Write out the listing from the line with "Steigbügelpfahl MUSTANG 115cm, weiß, 10" to the line with "Free Printable Birthday", both lines included, exactly and nothing beyond. Leave pictures out.

__DATA SUPPLIED__.
════════════════

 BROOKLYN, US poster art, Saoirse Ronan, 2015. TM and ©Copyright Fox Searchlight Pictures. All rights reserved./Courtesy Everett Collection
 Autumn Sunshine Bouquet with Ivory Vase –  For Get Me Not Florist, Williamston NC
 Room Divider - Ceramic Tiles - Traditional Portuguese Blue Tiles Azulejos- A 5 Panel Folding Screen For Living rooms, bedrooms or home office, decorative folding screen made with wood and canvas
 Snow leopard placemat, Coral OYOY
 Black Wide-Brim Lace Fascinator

════════════════

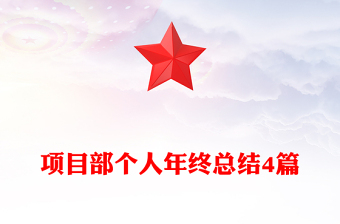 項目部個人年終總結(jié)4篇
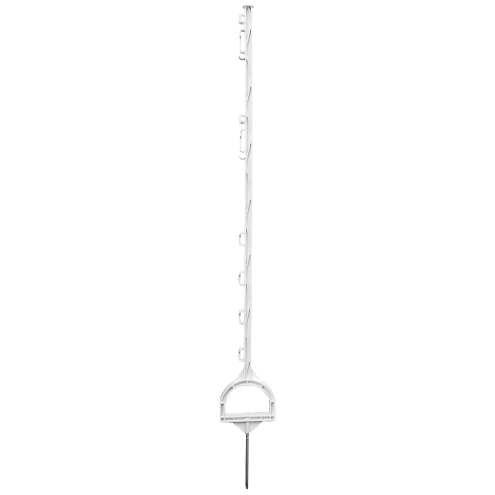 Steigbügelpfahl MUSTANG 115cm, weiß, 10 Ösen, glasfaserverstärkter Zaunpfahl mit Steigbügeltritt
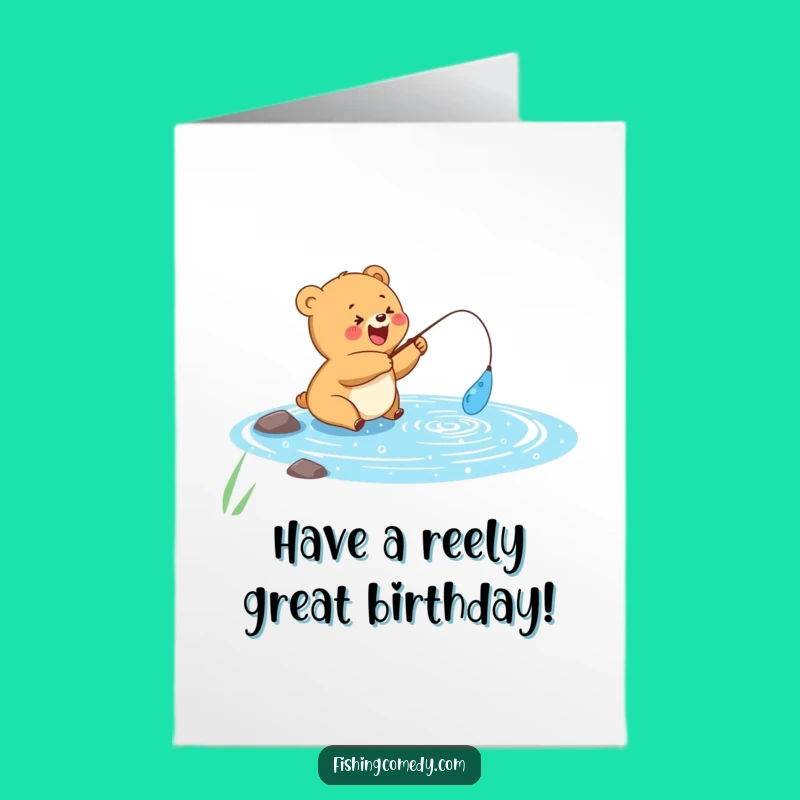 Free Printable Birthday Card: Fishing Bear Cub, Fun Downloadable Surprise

════════════════

__RESPONSE TO THIS TASK__.
 Steigbügelpfahl MUSTANG 115cm, weiß, 10 Ösen, glasfaserverstärkter Zaunpfahl mit Steigbügeltritt
 Free Printable Birthday Card: Fishing Bear Cub, Fun Downloadable Surprise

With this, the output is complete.